▸ **WHAT YOU SHOULD DO**
Write out, word for word, the part of the listing below that opens with the line containing "1940 Amazing Black Net Evening Gown" and closes with the line containing "Catholic Stained Glass", keeping both of those lines and adding no others.

▸ **MATERIAL FOR THIS TASK**
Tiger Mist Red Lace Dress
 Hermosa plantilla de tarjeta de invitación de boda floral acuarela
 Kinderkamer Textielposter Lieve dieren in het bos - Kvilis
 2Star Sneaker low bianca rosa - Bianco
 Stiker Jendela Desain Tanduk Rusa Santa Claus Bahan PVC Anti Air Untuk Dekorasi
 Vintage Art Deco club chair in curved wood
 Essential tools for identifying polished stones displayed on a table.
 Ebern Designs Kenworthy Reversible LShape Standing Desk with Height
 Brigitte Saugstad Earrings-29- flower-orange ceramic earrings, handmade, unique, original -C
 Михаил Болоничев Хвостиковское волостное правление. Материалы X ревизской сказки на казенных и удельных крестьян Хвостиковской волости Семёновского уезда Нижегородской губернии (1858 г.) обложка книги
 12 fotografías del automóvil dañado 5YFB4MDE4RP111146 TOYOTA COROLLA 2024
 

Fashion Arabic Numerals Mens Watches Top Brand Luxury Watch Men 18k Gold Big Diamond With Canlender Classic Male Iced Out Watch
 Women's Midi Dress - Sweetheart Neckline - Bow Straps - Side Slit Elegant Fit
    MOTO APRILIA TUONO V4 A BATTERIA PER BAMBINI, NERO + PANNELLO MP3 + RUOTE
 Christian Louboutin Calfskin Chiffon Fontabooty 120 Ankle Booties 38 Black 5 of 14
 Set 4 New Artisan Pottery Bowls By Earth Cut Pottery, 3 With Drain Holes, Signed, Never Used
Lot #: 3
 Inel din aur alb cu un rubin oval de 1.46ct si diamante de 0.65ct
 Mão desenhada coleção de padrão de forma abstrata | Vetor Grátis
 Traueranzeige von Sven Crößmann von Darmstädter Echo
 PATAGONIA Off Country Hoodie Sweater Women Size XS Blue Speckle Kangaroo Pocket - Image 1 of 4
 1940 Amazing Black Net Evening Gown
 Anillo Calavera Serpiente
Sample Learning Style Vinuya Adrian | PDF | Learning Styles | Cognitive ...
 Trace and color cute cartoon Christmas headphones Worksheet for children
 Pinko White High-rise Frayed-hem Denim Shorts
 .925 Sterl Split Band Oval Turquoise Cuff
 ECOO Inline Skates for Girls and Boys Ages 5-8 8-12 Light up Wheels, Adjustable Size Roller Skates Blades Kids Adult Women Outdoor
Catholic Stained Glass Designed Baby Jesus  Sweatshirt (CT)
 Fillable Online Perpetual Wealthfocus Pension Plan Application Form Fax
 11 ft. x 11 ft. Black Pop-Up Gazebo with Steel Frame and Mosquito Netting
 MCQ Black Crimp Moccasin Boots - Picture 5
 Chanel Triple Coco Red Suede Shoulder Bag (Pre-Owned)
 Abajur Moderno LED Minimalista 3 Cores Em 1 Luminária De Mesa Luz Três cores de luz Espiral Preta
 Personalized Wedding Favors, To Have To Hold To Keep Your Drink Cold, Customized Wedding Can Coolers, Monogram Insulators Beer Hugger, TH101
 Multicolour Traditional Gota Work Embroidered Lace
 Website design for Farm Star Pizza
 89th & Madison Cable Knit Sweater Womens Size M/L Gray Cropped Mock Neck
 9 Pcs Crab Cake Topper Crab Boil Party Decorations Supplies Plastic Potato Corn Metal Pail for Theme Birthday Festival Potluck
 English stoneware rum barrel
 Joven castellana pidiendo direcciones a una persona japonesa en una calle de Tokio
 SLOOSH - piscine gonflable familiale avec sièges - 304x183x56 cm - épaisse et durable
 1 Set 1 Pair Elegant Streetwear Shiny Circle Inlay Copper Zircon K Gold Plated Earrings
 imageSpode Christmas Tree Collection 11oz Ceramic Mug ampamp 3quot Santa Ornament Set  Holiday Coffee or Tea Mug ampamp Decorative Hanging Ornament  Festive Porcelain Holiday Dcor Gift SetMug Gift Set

▸ **ANSWER FOR THE TASK**
 1940 Amazing Black Net Evening Gown
 Anillo Calavera Serpiente
Sample Learning Style Vinuya Adrian | PDF | Learning Styles | Cognitive ...
 Trace and color cute cartoon Christmas headphones Worksheet for children
 Pinko White High-rise Frayed-hem Denim Shorts
 .925 Sterl Split Band Oval Turquoise Cuff
 ECOO Inline Skates for Girls and Boys Ages 5-8 8-12 Light up Wheels, Adjustable Size Roller Skates Blades Kids Adult Women Outdoor
Catholic Stained Glass Designed Baby Jesus  Sweatshirt (CT)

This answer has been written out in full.